Há muito não lia Bolaño.
Depois de devorá-lo durante a graduação e tê-lo como protagonista do meu trabalho de conclusão de curso, fui o perdendo de vista quanto mais se abrumava por trás da mitificação acadêmica e das publicações apócrifas.
Não durmo bem no mês que se segue.
Stress, viagens intermináveis, trabalhos e o retorno aos encontros sociais acadêmicos (nos quais, entre estabelecer uma dialética transcendental com a literatura e a troca de miudezas com afetos e desafetos, sinto que o mal hábito fala mais alto) me permitem apenas um sono precário.

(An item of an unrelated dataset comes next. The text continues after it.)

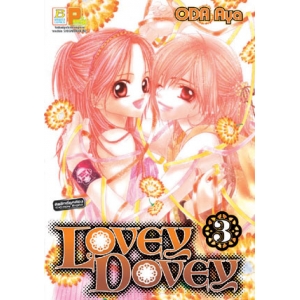 Lovey Dovey 3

Estirado na cama, alcanço na mesa de cabeceira o Cuentos completos, do escritor chileno, adquirido há poucos meses por uma pueril preocupação crítica.
“Luis Antonio Sensini, el escritor argentino, segundo accésit, con un cuento en donde el narrador se iba al campo y allí se le moría su hijo o con un cuento en donde el narrador se iba al campo porque en la ciudad se le había muerto su hijo”, nos conta o narrador de “Sensini” que, naturalmente, é o próprio Bolaño.
A primeira — e falsa — impressão é de monotonia diante do conto epistolar.
A impressão, contudo, não é suficiente para terminar precocemente a leitura: “no quedaba nada claro, lo cierto es que en el campo, un campo plano y más bien yermo, el hijo del narrador se seguía muriendo, en fin, el cuento era claustrofóbico”.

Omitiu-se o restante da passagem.